Look for the line with "New 2026 Nissan Frontier S image 27" in the entries below, then extract that line and all lines after it exactly, with pictures left out.

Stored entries

==================================================

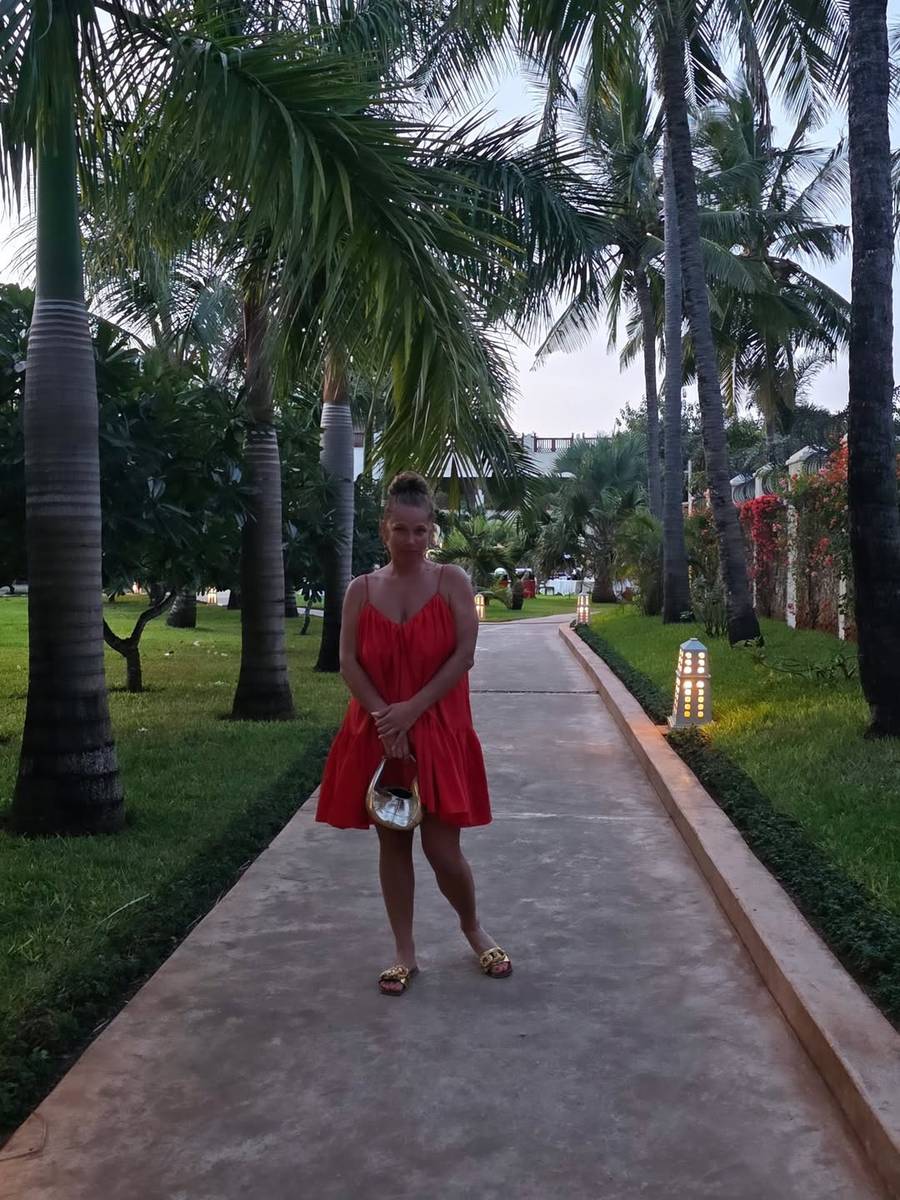 Joanna Liszowska, fot. Instagram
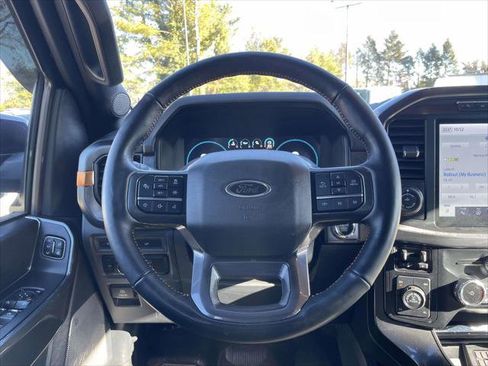 Used 2023 Ford F150 Tremor w/ Equipment Group 402A High image 19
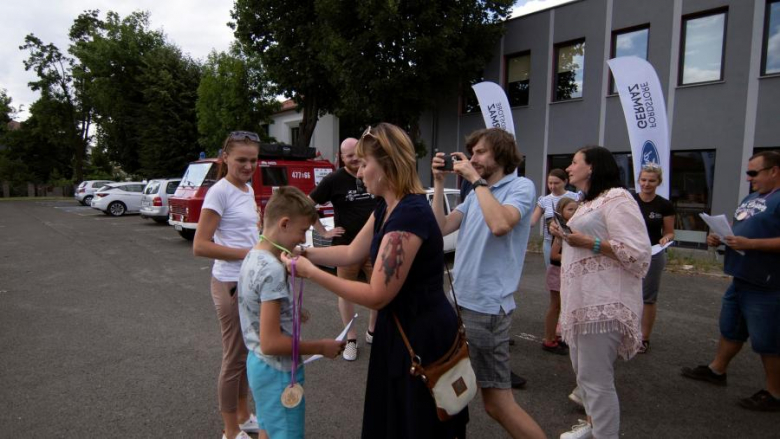 Mroczne tajemnice Powiatu Średzkiego - samochodowa gra terenowa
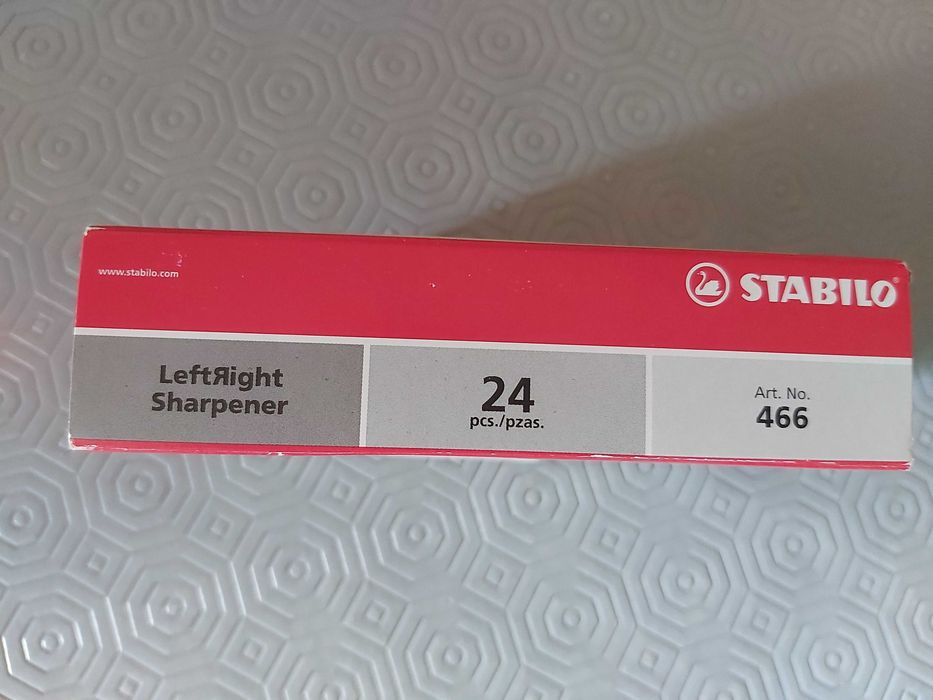 Afia lapiseiras Pack 24 unidades Stabilo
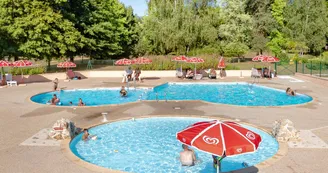 Gite "Les Ribières" à Les Cars en Haute-Vienne (Nouvelle Aquitaine) - piscine_10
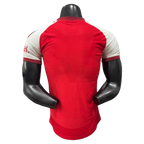Arsenal 26/27 home jersey, Factory edition – back view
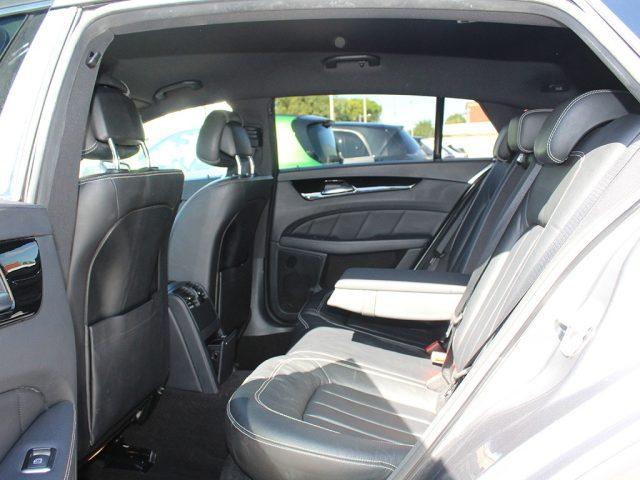 MERCEDES-BENZ CLS 220 d SW Premium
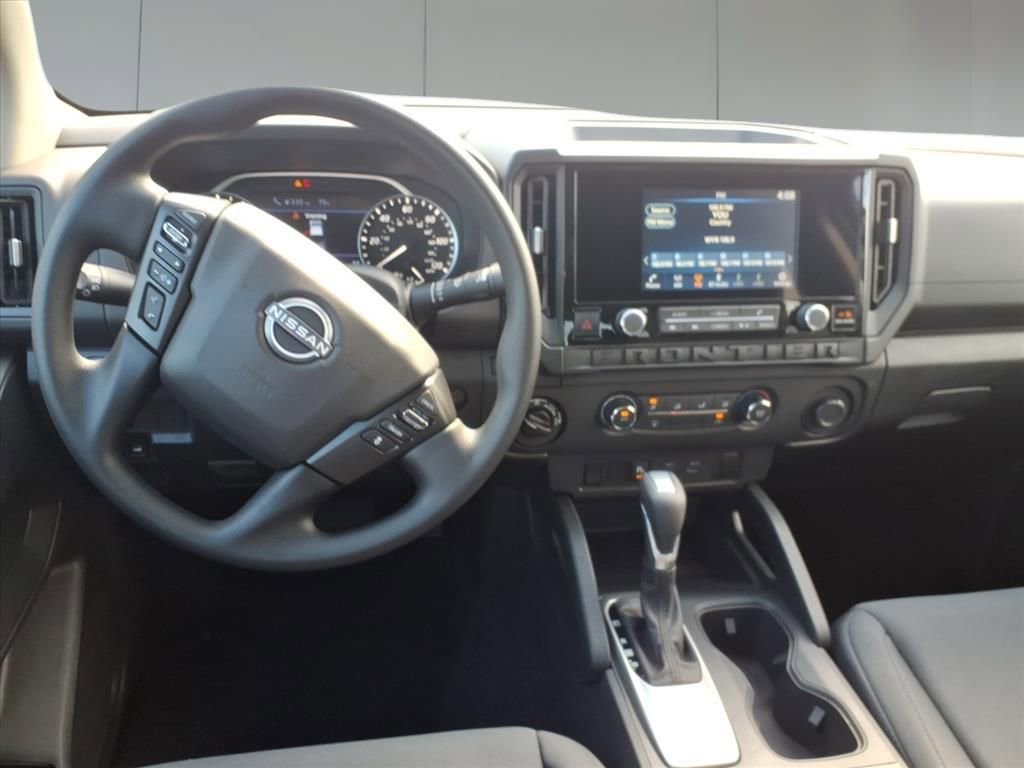 New 2026 Nissan Frontier S image 27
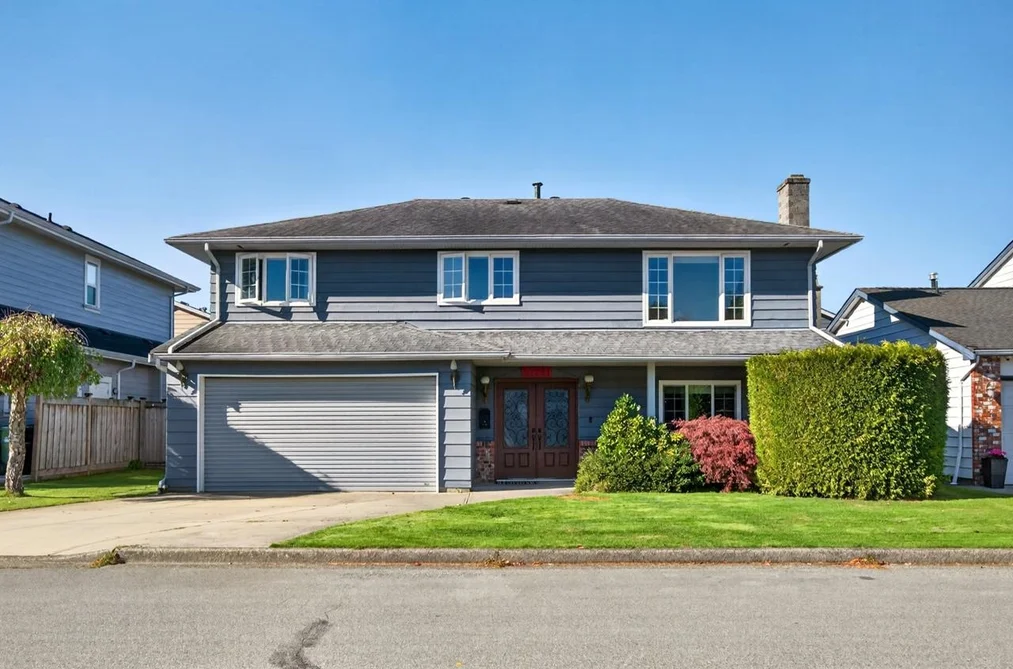 10291 Hollywell Dr, Richmond, BC - MLS: R3177552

==================================================

[Answer area]
 New 2026 Nissan Frontier S image 27
 10291 Hollywell Dr, Richmond, BC - MLS: R3177552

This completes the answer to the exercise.